In 1902, the Indian Rights Association warned:

“The present tendency of Congress to disregard the solemn rights guaranteed to the Indian by treaty is alarming.”

At the Pawnee Indian School, the superintendent disciplined Virginia Weeks, an 18-year old Pawnee who is described as frail, by first beating her with a yard stick and then with a strap. The beating continued until she agreed to repeat his words of apology to some laundry workers. This incident was exposed by the Indian Rights Association in 1903 and the superintendent resigned from Indian Service.

In 1903, the Indian Rights Association charged that federal court officials in Oklahoma had conspired with land companies in the sale of Indian lands. The charges included the fact that the attorney who represented the tribes was also a stockholder and attorney for companies which were being sued by the Indians. The Department of the Interior claimed that the charges were the creation of yellow journalists and troublemakers.

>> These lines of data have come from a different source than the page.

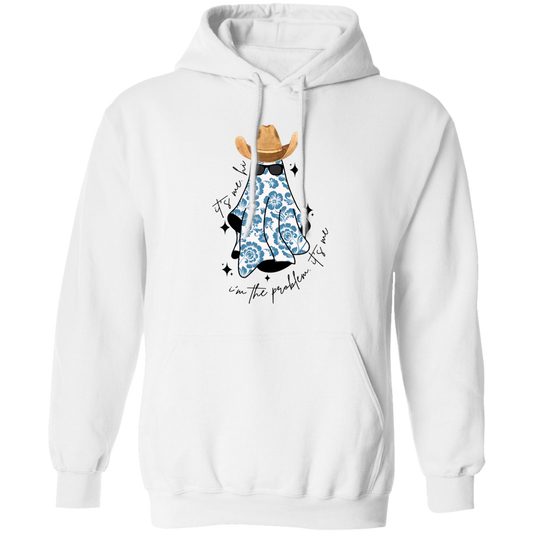 It's Me, Hi, I Am The Problem, It's Me, Classic Ghost Pullover Hoodie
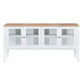 Criterion Sorrento Buffet, Side Board 1800mm Semi-Assembled White Oak Veneer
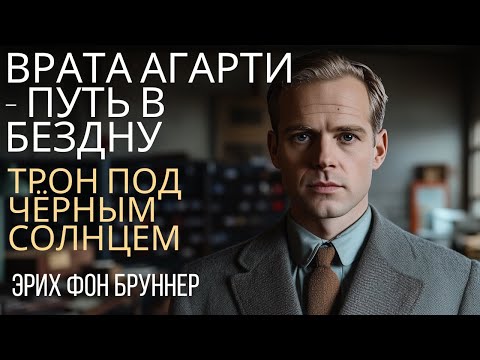 Видео: Врата Агарти: Путь в бездну. Трон под Чёрным Солнцем. История Эриха фон Бруннера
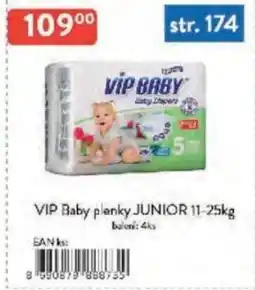 Qanto VIP Baby plenky JUNIOR nabídka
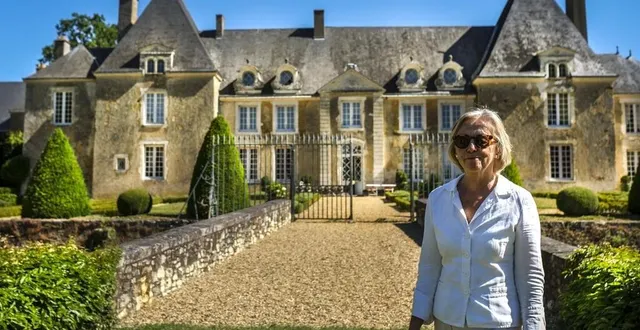 photo louplande, vendredi 29 mai 2020. marie-josé forissier est intarissable sur ce domaine qu’elle a investi il y plus de 20 ans avec son mari. &copy; le maine libre – denis lambert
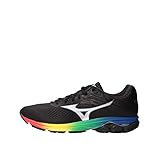 rider 42 tomtom ZAPATILLAS HOMBRE Mizuno WAVE RIDER 23 OSAKA, Zapatillas de Running por Hombre, Negro (Osaka Black/Black/Black 73), 42 EU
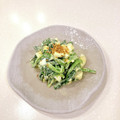 クックEBXFTK☆'s cooksnap of when they made 簡単！ほうれん草と卵のマヨポンサラダ♡.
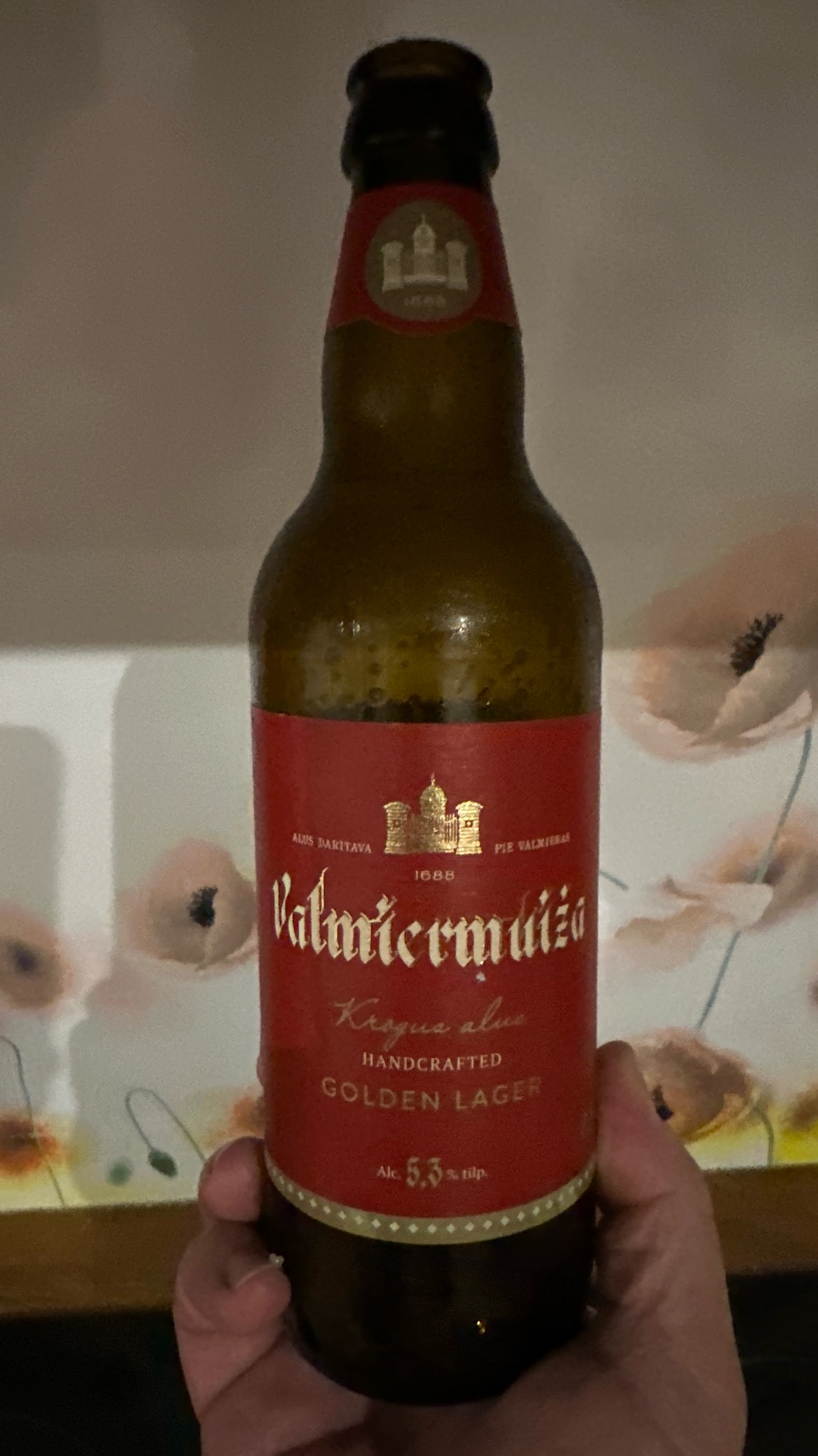 Golden Lager (Krogus Alus), Latvia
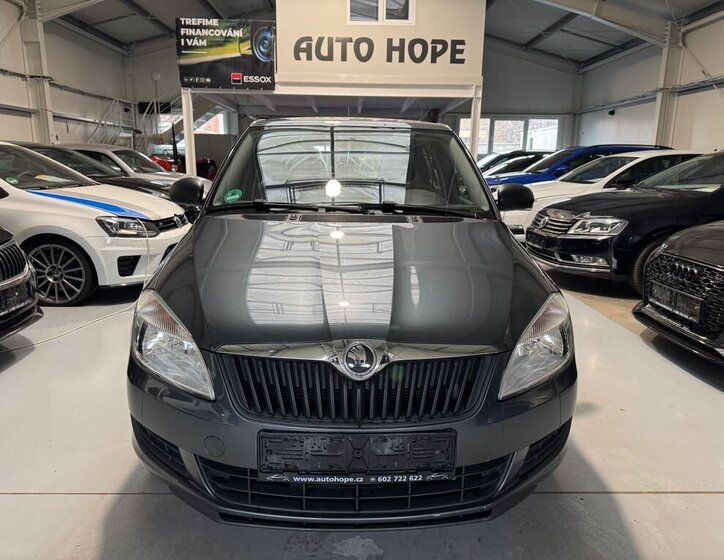 Škoda Fabia 2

A number of clerks were assigned to investigate those involved with the Indian Rights Association in an effort to damage their reputations.

Nearly every high-ranking Interior Department official in Oklahoma had stock in the land companies. Furthermore, most of them were officers and directors in the companies. A subsequent government investigation revealed some improprieties and those involved received mild punishments. Court officials with connections to the land companies quickly severed their ties with these companies.

On the Navajo reservation in 1907, the Indian agent ordered Navajo children to be sent to a boarding school in Shiprock, New Mexico. Byalille (also spelled Bai-a-lil-le), an influential medicine man, openly defied the order. He felt that putting children in school was a way of killing them. Cavalry troops surrounded Byalille’s camp, killed two Navajo, and took several men prisoner. The Indian agent recommended that Byalille and one other man be sentenced to ten years hard labor and that seven others be sentenced to two years. The Commissioner of Indian Affairs concurred and the nine prisoners were sent to Fort Huachuca, Arizona without having a trial. The handling of the case was protested by the Indian Rights Association and the men were finally released in 1909. Under the precedents established by earlier court cases, Byalille should not have been arrested at all.

The End:

With the election of Franklin Roosevelt as President and the appointment of John Collier as Commissioner of Indian Affairs, the federal American Indian policy changed radically. With this, the role and impact of the Indian Rights Association lessened. While the organization closed its Washington, D.C. office in 1934, it remained active until 1994. It was involved with the Seneca and their concerns over the Kinzua dam in the 1950s and 1960s and with helping the Pequots regain some of their land in the 1970s.